BEGIN

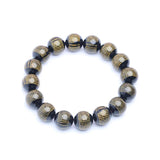 14mm Agate Gemstone Bracelet Natural Energy Beads Unisex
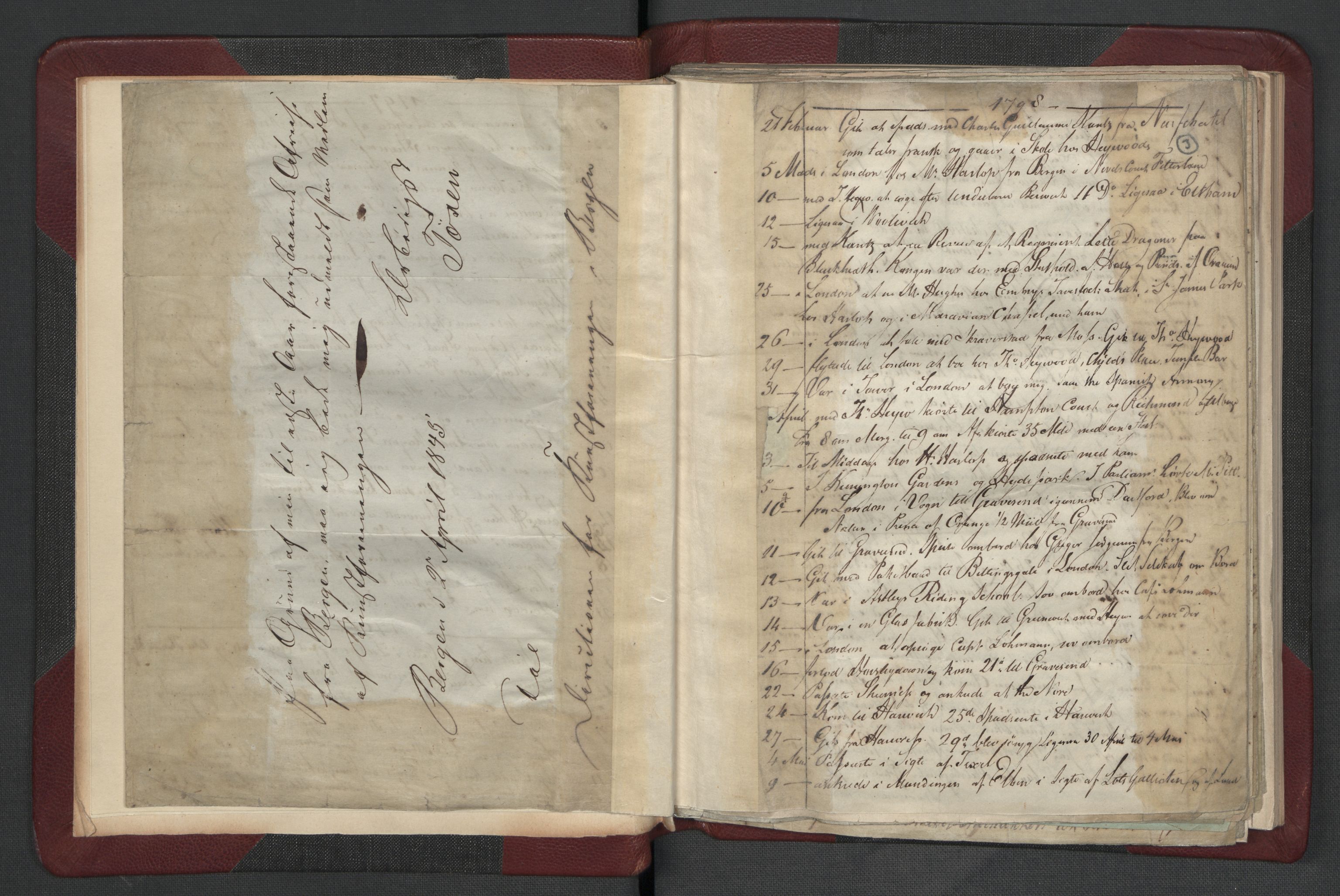 Meltzer, Fredrik, RA/PA-0028/F/L0002: Dagbok, 1796-1808, p. 2b-3a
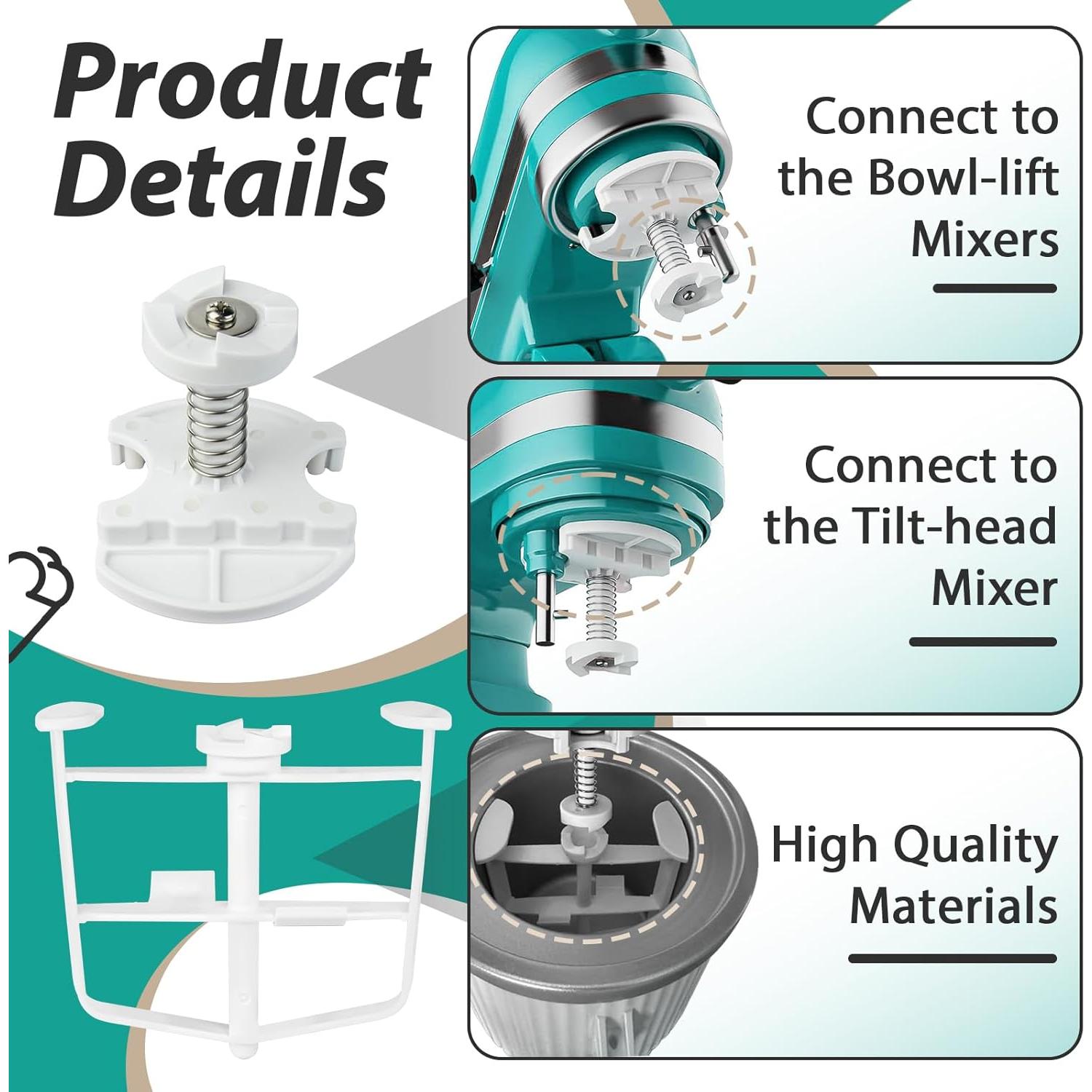 Conjunto de Transmisión y Paleta para Helados KitchenAid - 2 Pcs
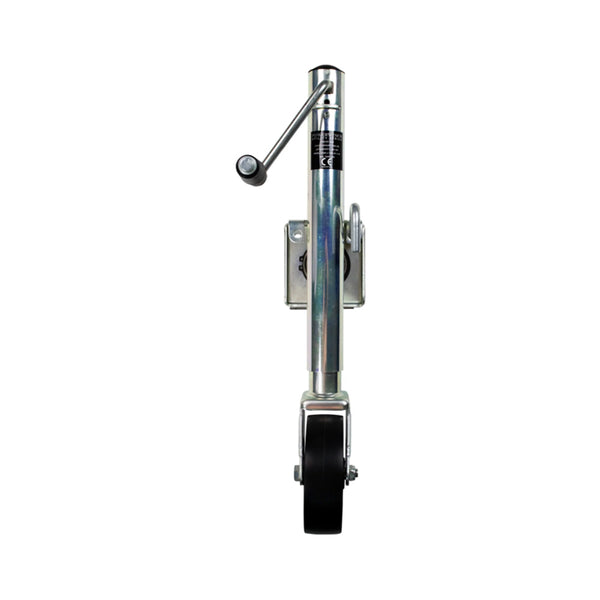Powerwinch Utility Series Jack - 1000lb, Weld-On, Single Wheel, Zinc [21500-J-1000-W1-Z-R] - Image 1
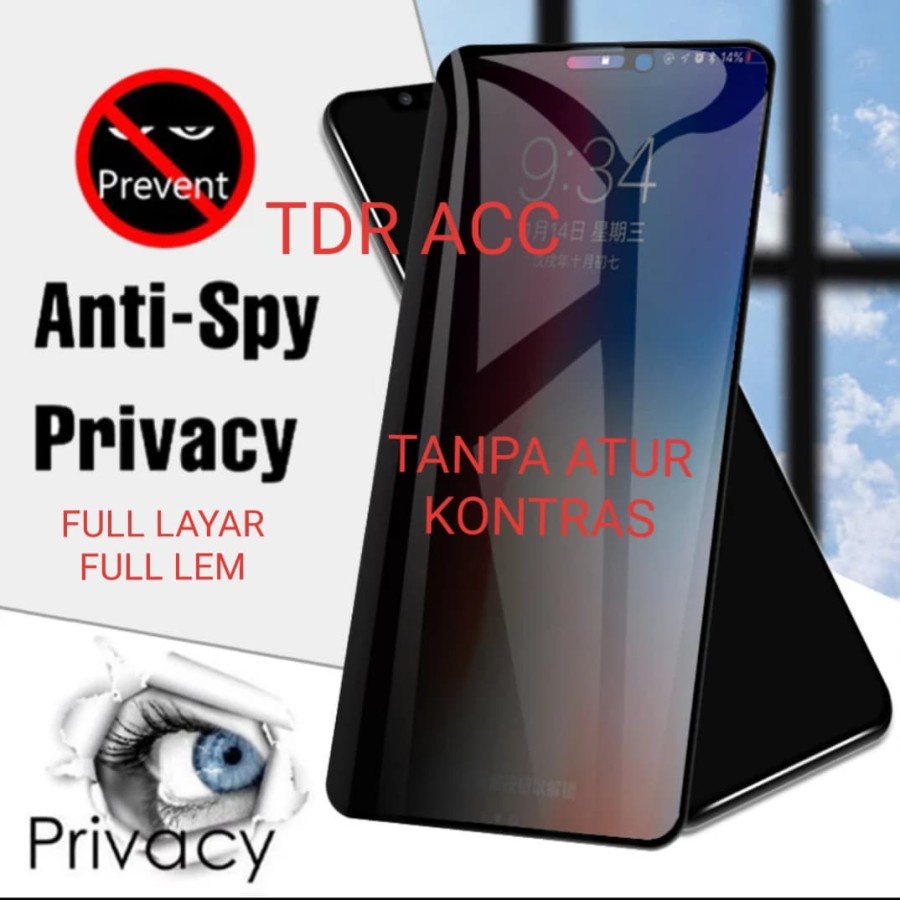 10D ANTI SPY FULL COVER - TEMPERED GLASS SAMSUNG A02/A02S/A03/A03 CORE/A03S/A04/A04E/A04S/A10/A10S/A11/A12/A13/A14/A14 5G/A20S/A21S/A22 4G/A22 5G/A23 4G/A23 5G/A24 4G/A30/A30S/A31/A32/A32 5G/A33/A34 5G/A50/A50S/A51/A52/A53/A54 5G/A70/A71/A72/A73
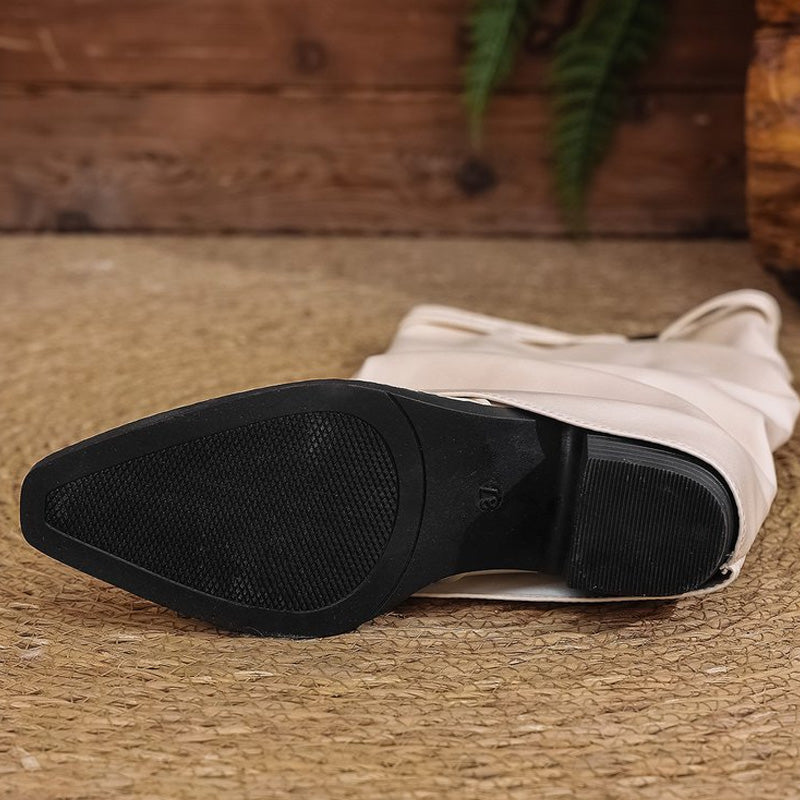 👢 50% DE RÉDUCTION ! 👠 Bottes montantes à talon épais – Confortable, Style tendance & Tige ajustable ✨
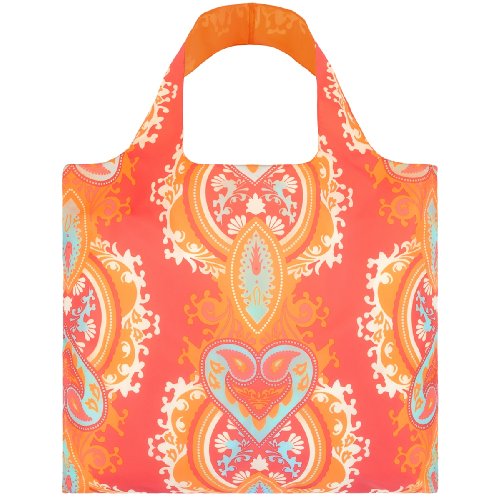 LOQI Opulent Collection Pouch Reusable Bags (Set of 4), Multicolor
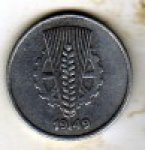10 пфеннигов 1949 г. Германия(6) - 21339 - реверс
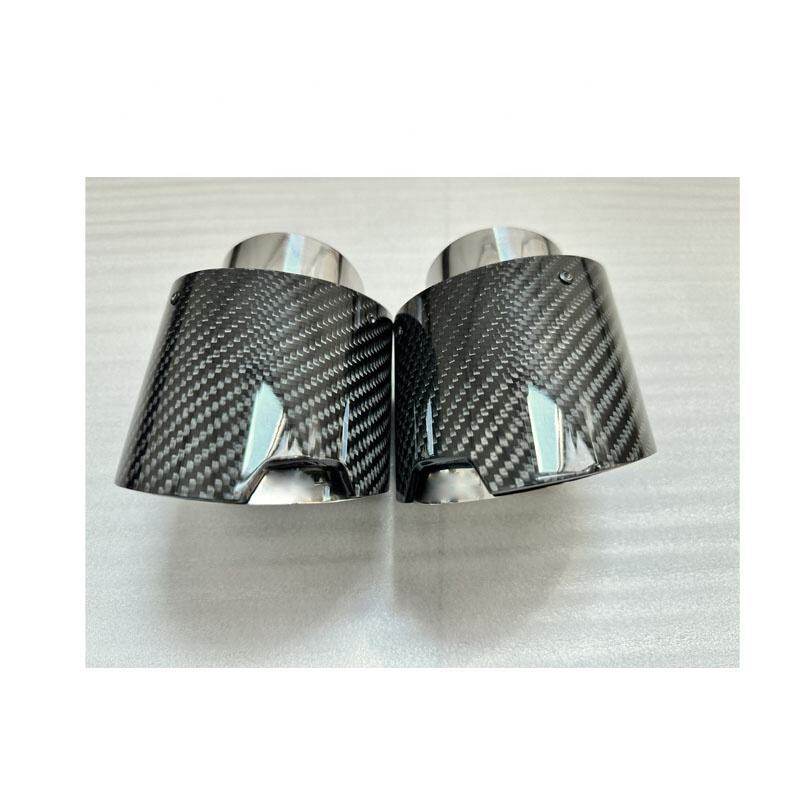 适用于宝马M2F87M3F80M4F82M5F10碳纤维排气管消声器尾喉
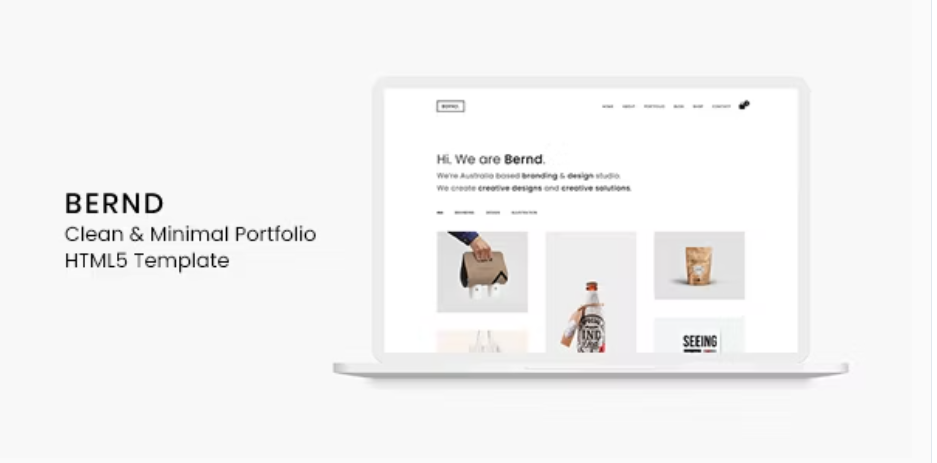 Bernd - Clean & Minimal Portfolio HTML5 Template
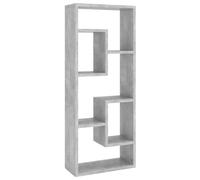 vidaXL Estantería de Pared Repisa Flotante Balda Estante Salón Sala de Estar Estudio Exhibición Decoración Contrachapada Gris Hormigón 36x16x90 cm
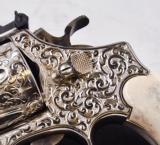 Smith & Wesson Model 27-2, fully Engraved, Nickel plated, 5 - 3 of 7
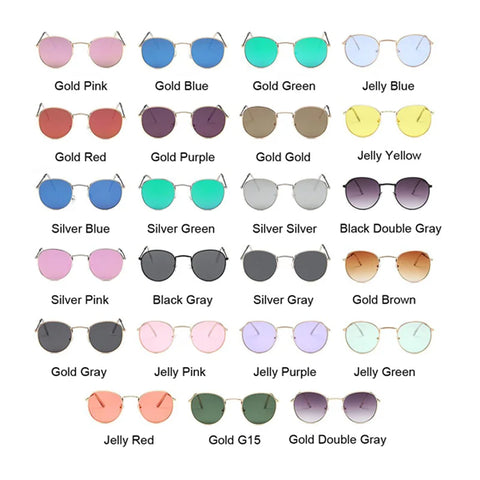 Oval Metal Glasses Anti-Reflective UV400 Lenses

END

**EXERCISE DIRECTIONS:** The material above must be printed exactly, with its pictures left out.

**EXPECTED OUTPUT:**
 14mm Agate Gemstone Bracelet Natural Energy Beads Unisex
 Meltzer, Fredrik, RA/PA-0028/F/L0002: Dagbok, 1796-1808, p. 2b-3a
 Conjunto de Transmisión y Paleta para Helados KitchenAid - 2 Pcs
Powerwinch Utility Series Jack - 1000lb, Weld-On, Single Wheel, Zinc [21500-J-1000-W1-Z-R] - Image 1
 10D ANTI SPY FULL COVER - TEMPERED GLASS SAMSUNG A02/A02S/A03/A03 CORE/A03S/A04/A04E/A04S/A10/A10S/A11/A12/A13/A14/A14 5G/A20S/A21S/A22 4G/A22 5G/A23 4G/A23 5G/A24 4G/A30/A30S/A31/A32/A32 5G/A33/A34 5G/A50/A50S/A51/A52/A53/A54 5G/A70/A71/A72/A73
 👢 50% DE RÉDUCTION ! 👠 Bottes montantes à talon épais – Confortable, Style tendance & Tige ajustable ✨
 LOQI Opulent Collection Pouch Reusable Bags (Set of 4), Multicolor
10 пфеннигов 1949 г. Германия(6) - 21339 - реверс
 适用于宝马M2F87M3F80M4F82M5F10碳纤维排气管消声器尾喉
 Bernd - Clean & Minimal Portfolio HTML5 Template
 vidaXL Estantería de Pared Repisa Flotante Balda Estante Salón Sala de Estar Estudio Exhibición Decoración Contrachapada Gris Hormigón 36x16x90 cm
 Smith & Wesson Model 27-2, fully Engraved, Nickel plated, 5 - 3 of 7
 Oval Metal Glasses Anti-Reflective UV400 Lenses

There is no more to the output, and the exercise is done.